Driving Christianity out of America’s Schools

Even if you were reading ""Persecution – How Liberals Are Waging War Against Christianity" in a freezer with the temperature way below zero, your blood would still boil.

David Limbaugh pulls no punches in reporting the unrelenting assault on Christianity being waged against it by a collection of latter-day Neros who want nothing less than to throw Christians to the lions of total secularism.

Christians, he tells us, "are often subjected to scorn and ridicule and denied their religious freedoms" and are referred to as "Bible-thumping idiots."

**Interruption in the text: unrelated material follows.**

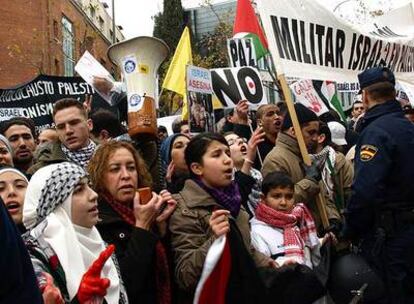 Protestas frente a la embajada israelí en Madrid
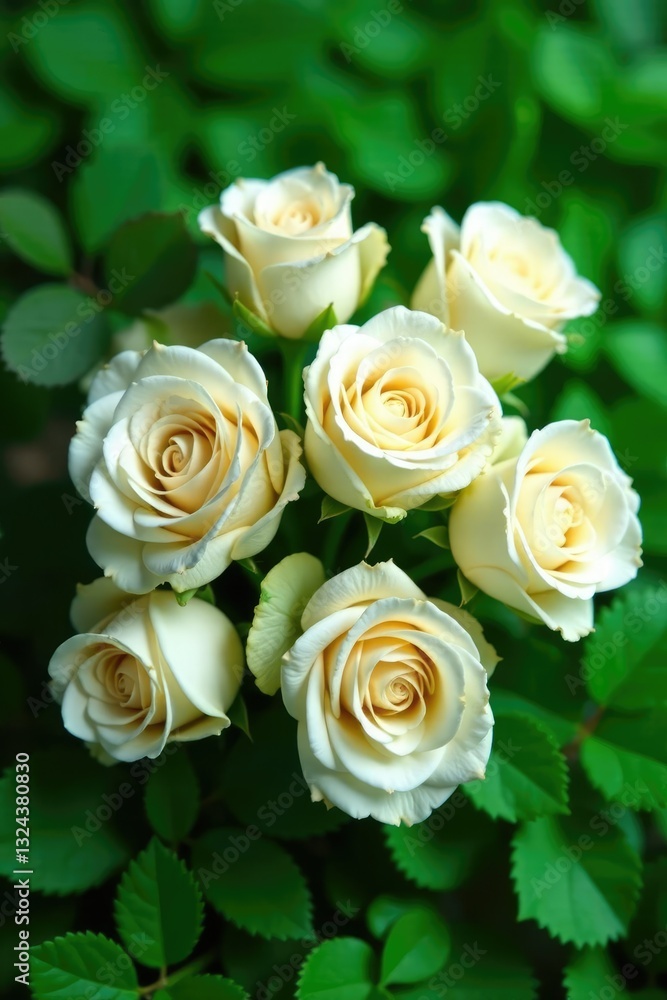 A bouquet of white roses rests on a bed of emerald green, garden, nature, luxurious A bouquet of white roses rests on a bed of emerald green, garden, nature, luxurious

One incident he mentions should turn up the heat under the arteries of any devout Jew or Christian who cherishes the Holy Bible as the word of God. He tells the shocking story of a teacher at a Houston middle school who saw two students carrying Bibles. The girls were taken to the principal’s office, and the mother of one was summoned. Upon her arrival the teacher "waved the Bibles at her and exclaimed ‘This is garbage’ and then threw them into the trash can."

Among today’s Neros, the author explains, are "activist judges misinterpreting the law," the idiot acolytes of political correctness, Hollywood movie makers, the overwhelmingly paganistic mainstream media, and "educators" at all levels from preschool to universities.

Limbaugh, a skilled lawyer, goes to some length in explaining the constitutional underpinnings of religious freedom and shows how legions of black-robed tyrants have badly distorted the meaning of the First Amendment, imputing to it shadings and gradations never intended by the men who wrote the Bill of Rights.

This facet of the war against Christianity recently came to the fore during the infamous case of the federal court-ordered removal from the courthouse in Montgomery, Ala., of a monument containing the text of the Ten Commandments.

If You Tell a Lie Often Enough ...

Thanks to the issues raised by Alabama Chief Justice Roy Moore, for the first time many Americans were startled to learn that the famous slogan of "separation of church and state" they’ve been told bans government at all levels from allowing religious expression within public facilities or by official bodies is nowhere to be found in the Constitution of the United States.

It is a largely a judicial fiction based on a deliberate misreading of the Establishment Clause "Congress shall make no law respecting an establishment of religion" and the Free Exercise Clause, which follows: "or prohibiting the free exercise thereof."

It was not until 1947 that any other meaning than that which forbade Congress (but not the states) from setting up a state-sponsored religion was found. In that year, in the case of Everson vs. Board of Education, Justice Hugo Black took a passage from a private letter Thomas Jefferson sent to a friend in which he mentioned an alleged "wall of separation" and made it a key part of the Constitution, where, as noted above, it is nowhere to be found.

All of the subsequent court actions concerning the state vs. religion grew out of Black’s misleading view of the Establishment Clause. From that point on the courts have steadily eroded the prohibition against the "free exercise" of religion.

The full impact of this misreading of the Constitution became apparent with the Supreme Court’s 1962 decision in Engel vs. Vitale, which outlawed state-sponsored prayer in government schools (it's no longer accurate to call them "public" schools; they serve the government, not the public that pays for them). In that case the prayer at issue was non-denominational: "Almighty God, we acknowledge our dependence upon Thee, and we beg Thy blessings upon us, our parents, our teachers and our Country."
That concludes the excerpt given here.